Dariah juga menginspirasi penari lengger perempuan di Eks Karesidenan Banyumas. Pelatih tari Sanggar Sekar Santi, Sri Multiyah Susanti mengakui, banyak mengeksplorasi gerak lengger dari Dariah. Bahkan, tembang "Sapanyana" yang diciptakan Dariah menjadi lagu wajib yang ditembangkan dalam pertunjukan lengger di Banyumas Raya, selain Ricik-Ricik, Sekar Gadung dan Eling-Eling".

"Mbok Dariyah menjadi inspirasi bagi semua penari lengger di Eks Karesidenan Banyumas, bahkan tembang ‘Sapanyana’ menjadi sangat populer di kalangan penari lengger," katanya.

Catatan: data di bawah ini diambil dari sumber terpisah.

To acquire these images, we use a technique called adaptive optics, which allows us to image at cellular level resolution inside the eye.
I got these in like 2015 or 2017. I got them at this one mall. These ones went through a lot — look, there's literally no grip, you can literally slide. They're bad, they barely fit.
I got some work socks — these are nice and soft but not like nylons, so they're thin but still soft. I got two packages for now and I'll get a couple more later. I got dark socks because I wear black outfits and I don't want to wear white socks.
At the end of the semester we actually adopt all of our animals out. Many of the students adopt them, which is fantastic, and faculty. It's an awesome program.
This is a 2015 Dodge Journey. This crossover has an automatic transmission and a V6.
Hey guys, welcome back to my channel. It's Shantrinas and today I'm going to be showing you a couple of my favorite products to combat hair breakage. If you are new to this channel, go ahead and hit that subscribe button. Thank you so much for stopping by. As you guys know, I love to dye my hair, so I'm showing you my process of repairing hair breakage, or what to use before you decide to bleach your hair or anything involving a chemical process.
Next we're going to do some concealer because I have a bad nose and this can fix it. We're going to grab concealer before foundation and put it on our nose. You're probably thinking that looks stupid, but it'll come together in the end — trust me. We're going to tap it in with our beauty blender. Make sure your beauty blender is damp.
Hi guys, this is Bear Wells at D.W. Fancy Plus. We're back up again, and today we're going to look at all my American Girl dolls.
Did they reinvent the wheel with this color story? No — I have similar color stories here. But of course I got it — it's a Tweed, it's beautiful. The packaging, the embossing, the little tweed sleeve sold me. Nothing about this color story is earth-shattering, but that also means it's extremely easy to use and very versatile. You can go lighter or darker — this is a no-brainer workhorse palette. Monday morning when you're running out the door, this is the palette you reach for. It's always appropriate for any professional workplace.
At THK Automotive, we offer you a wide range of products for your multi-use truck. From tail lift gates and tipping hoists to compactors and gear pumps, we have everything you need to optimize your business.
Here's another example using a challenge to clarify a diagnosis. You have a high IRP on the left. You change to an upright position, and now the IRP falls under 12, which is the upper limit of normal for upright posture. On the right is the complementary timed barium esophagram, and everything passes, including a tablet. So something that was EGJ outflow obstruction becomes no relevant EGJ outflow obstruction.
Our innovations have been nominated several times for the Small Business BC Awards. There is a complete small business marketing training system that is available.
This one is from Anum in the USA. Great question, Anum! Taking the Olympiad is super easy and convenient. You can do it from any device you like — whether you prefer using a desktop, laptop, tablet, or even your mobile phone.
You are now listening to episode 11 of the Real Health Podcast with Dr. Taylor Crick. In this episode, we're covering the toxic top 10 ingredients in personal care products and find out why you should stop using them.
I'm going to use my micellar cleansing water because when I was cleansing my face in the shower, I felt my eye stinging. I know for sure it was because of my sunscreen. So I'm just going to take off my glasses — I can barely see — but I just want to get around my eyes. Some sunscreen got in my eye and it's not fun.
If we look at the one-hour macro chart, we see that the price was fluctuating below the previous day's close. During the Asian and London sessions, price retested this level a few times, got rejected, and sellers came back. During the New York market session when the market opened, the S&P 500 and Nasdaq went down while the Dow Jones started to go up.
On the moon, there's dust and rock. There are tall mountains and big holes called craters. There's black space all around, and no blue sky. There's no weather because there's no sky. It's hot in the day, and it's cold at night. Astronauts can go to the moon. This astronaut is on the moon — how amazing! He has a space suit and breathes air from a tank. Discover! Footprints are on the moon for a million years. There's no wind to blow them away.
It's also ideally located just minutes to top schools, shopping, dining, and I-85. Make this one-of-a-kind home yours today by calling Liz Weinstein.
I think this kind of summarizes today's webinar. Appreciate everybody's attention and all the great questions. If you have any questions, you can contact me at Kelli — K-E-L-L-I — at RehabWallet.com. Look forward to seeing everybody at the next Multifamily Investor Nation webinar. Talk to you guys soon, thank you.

Bahkan saat mengunjungi ke rumahnya, tembang Sapanyana menjadi hiburan wajib bagi para tamu Dariah untuk dinyanyikan sebagai bentuk apresiasinya.


“Sapanyana, Sapanyana
 krungu lagu banyumasan
 Wiwit kuna wis ana
 lagune ra.. lagune ra… sapiraha
 wiwit kuna wis ana
 saking joget ora kerasa
 Egat, egot egat egot
 Jebule kaya wong gila”

Tembang "Sapanyana" yang melegenda itu pun kerap mengiringi Dariah saat sesekali tampil di panggungnya dengan iringan calung banyumasan. Semangat lenggernya pun masih terasa kuat, saat melantunkan tembang Sapanyana yang mengingatkan kembali tentang tanah kelahiran dan kecintaan terhadap kesenian banyumasan.